6:18 AM PDT We’re starting to see more meaningful progress in restoring volumes (many have been restored in the last few hours) and expect this progress to continue over the next few hours. We expect that well reach a point where a minority of these stuck volumes will need to be restored with a more time consuming process, using backups made to S3 yesterday (these will have longer recovery times for the affected volumes). When we get to that point, we’ll let folks know. As volumes are restored, they become available to running instances, however they will not be able to be detached until we enable the API commands in the affected Availability Zone.
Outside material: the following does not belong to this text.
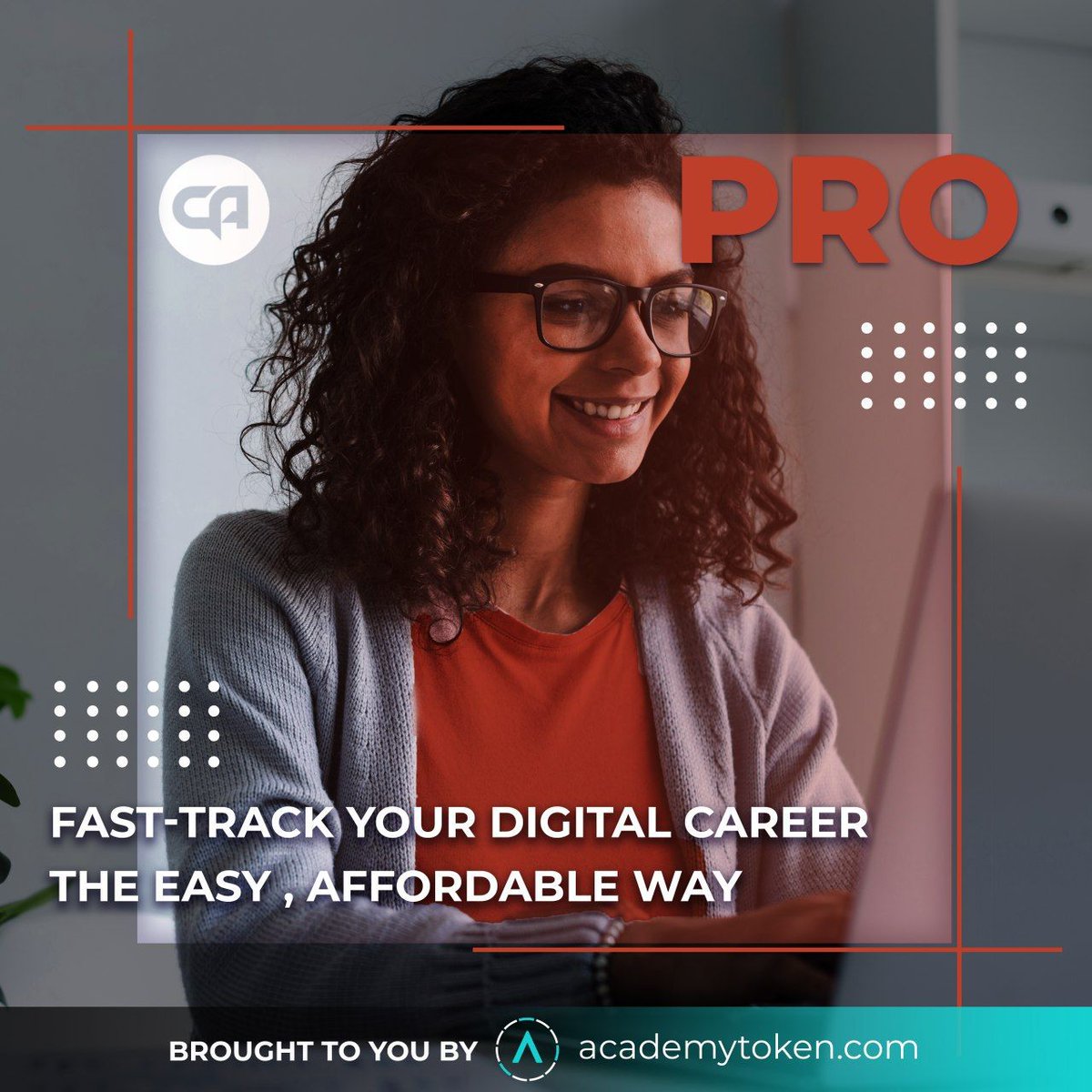 Academy Token tweet media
Full details on Relational Database,
1:48 AM PDT We are currently investigating connectivity and latency issues with RDS database instances in the US-EAST-1 region.
2:16 AM PDT We can confirm connectivity issues impacting RDS database instances across multiple availability zones in the US-EAST-1 region.
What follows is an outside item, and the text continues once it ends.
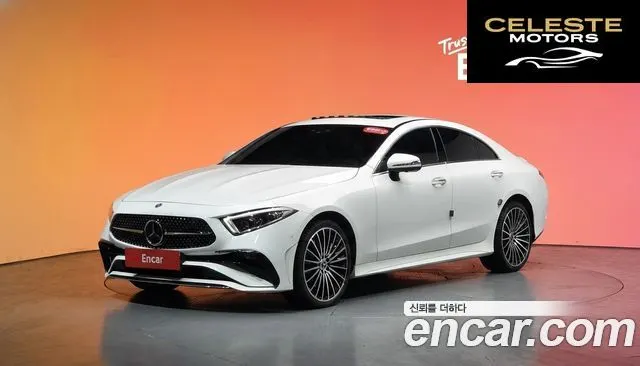 MERCEDES BENZ CLS-Classe C257 CLS450 4MATIC 2022 — photo 20 sur 26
3:05 AM PDT We are continuing to see connectivity issues impacting some RDS database instances in multiple availability zones in the US-EAST-1 region. Some Multi AZ failovers are taking longer than expected. We continue to work towards resolution.
4:03 AM PDT We are making progress on failovers for Multi AZ instances and restore access to them. This event is also impacting RDS instance creation times in a single Availability Zone. We continue to work towards the resolution.
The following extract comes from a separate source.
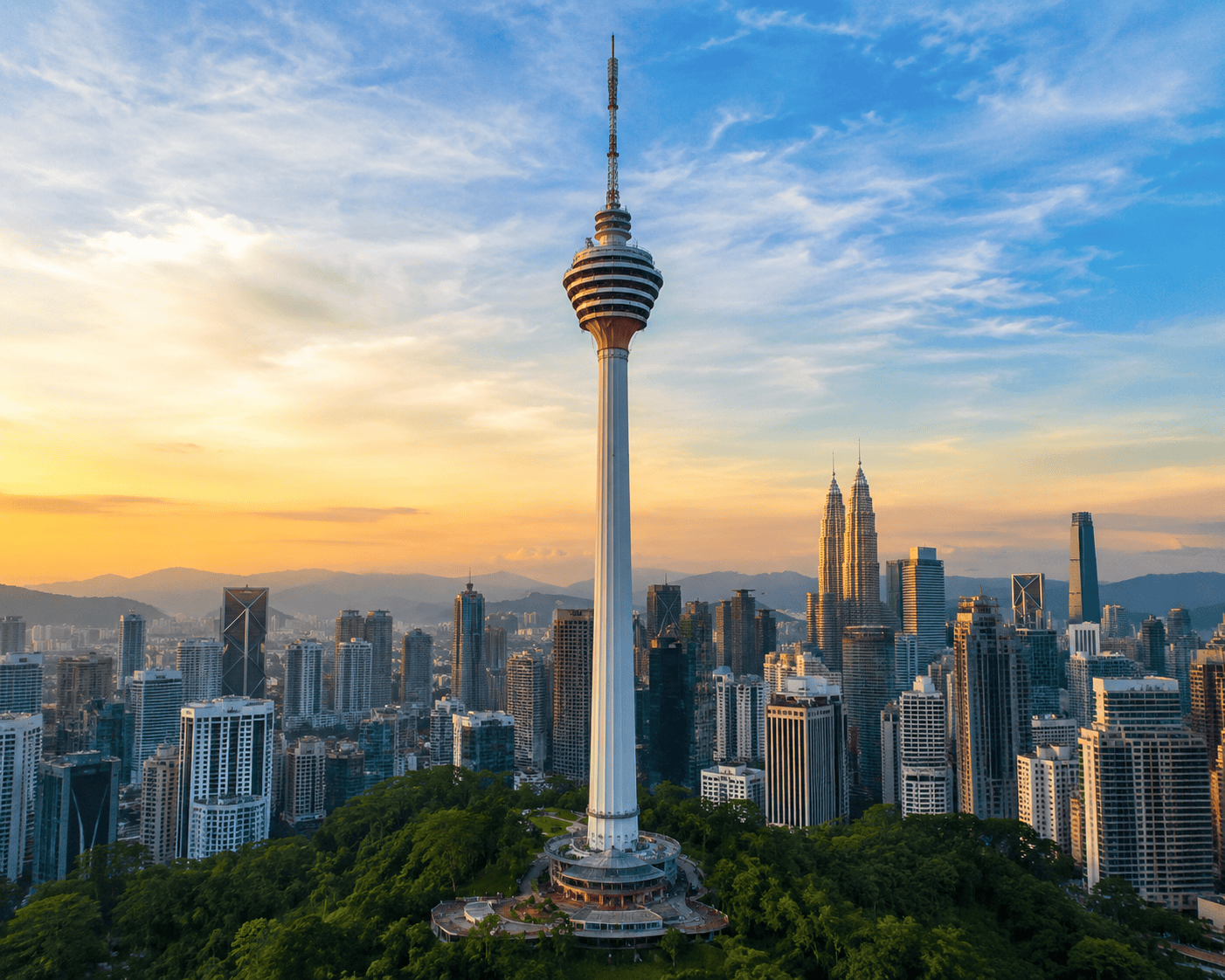 KL Tower Malaysia: Complete Travel Guide from Singapore | HolidaySG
5:06 AM PDT IO latency issues have recovered in one of the two impacted Availability Zones in US-EAST-1. We continue to make progress on restoring access and resolving IO latency issues for remaining affected RDS database instances.
6:29 AM PDT We continue to work on restoring access to the affected Multi AZ instances and resolving the IO latency issues impacting RDS instances in the single availability zone.
8:12 AM PDT Despite the continued effort from the team to resolve the issue we have not made any meaningful progress for the affected database instances since the last update. Create and Restore requests for RDS database instances are not succeeding in US-EAST-1 region.
UPDATES SINCE POSTED (Relational Database),
10:35 AM PDT We are making progress on restoring access and IO latencies for affected RDS instances. We recommend that you do not attempt to recover using Reboot or Restore database instance APIs or try to create a new user snapshot for your RDS instance – currently those requests are not being processed.
2:35 PM PDT We have restored access to the majority of RDS Multi AZ instances and continue to work on the remaining affected instances. A single Availability Zone in the US-EAST-1 region continues to experience problems for launching new RDS database instances. All other Availability Zones are operating normally. Customers with snapshots/backups of their instances in the affected Availability zone can restore them into another zone. We recommend that customers do not target a specific Availability Zone when creating or restoring new RDS database instances. We have updated our service to avoid placing any RDS instances in the impaired zone for untargeted requests.
11:42 PM PDT In line with the most recent Amazon EC2 update, we wanted to let you know that the team continues to be all-hands on deck working on the remaining database instances in the single affected Availability Zone. It’s taking us longer than we anticipated. When we have an updated ETA or meaningful new update, we will make sure to post it here. But, we can assure you that the team is working this hard and will do so as long as it takes to get this resolved.